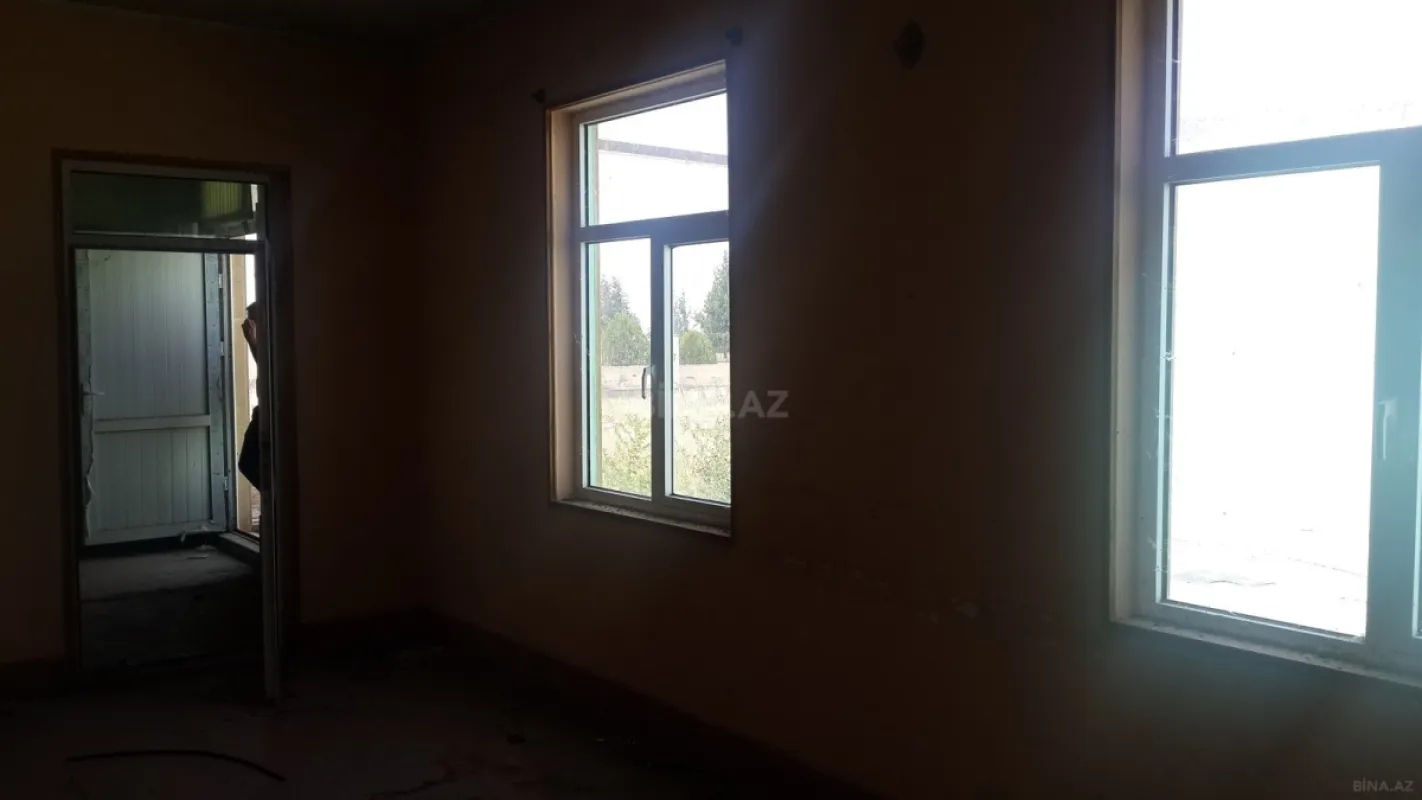 Satılır obyekt 245 m²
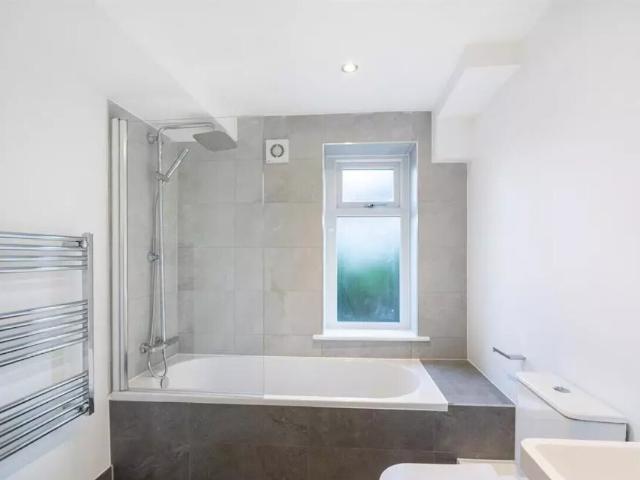 apartment for rent in Ebury Bridge Road, London, London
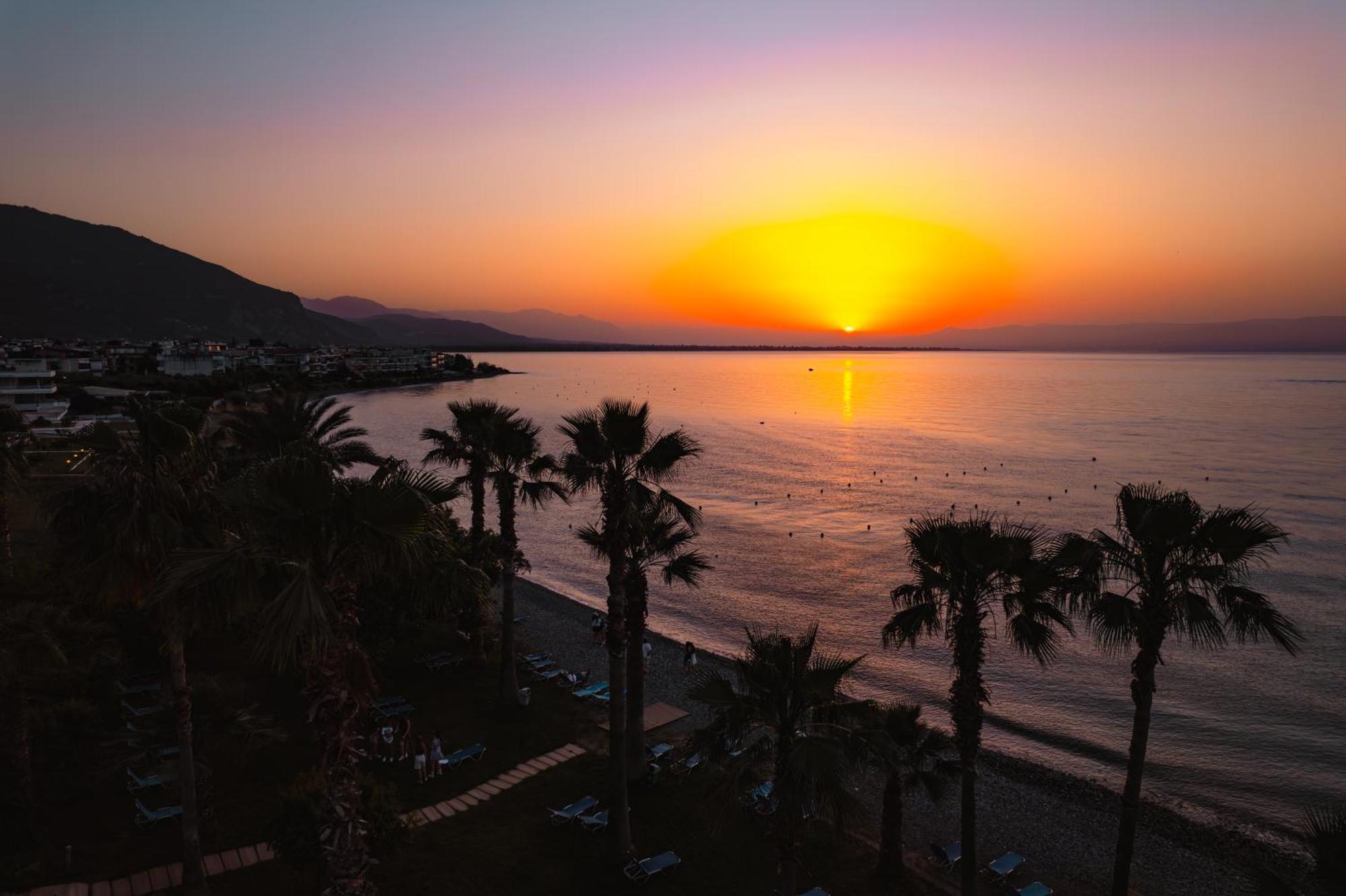 Hotel Sissy Kamena Vourla Bagian luar foto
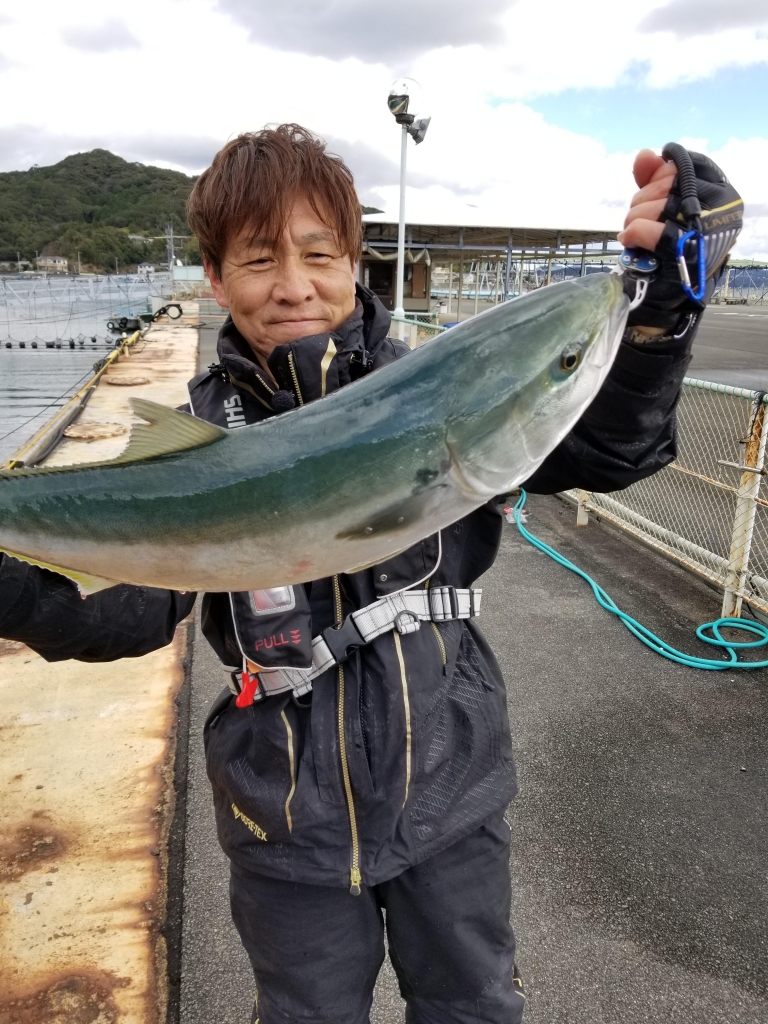 1/31 山本太郎チヌ名人様 | 釣堀 | 釣り公園 佐助屋 釣果情報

*DESCRIPTION OF THE TASK*:
Set down each line of the material exactly and skip every image.

*PROBLEM SOLUTION*:
 Satılır obyekt 245 m²
 apartment for rent in Ebury Bridge Road, London, London
 Hotel Sissy Kamena Vourla Bagian luar foto
 1/31 山本太郎チヌ名人様 | 釣堀 | 釣り公園 佐助屋 釣果情報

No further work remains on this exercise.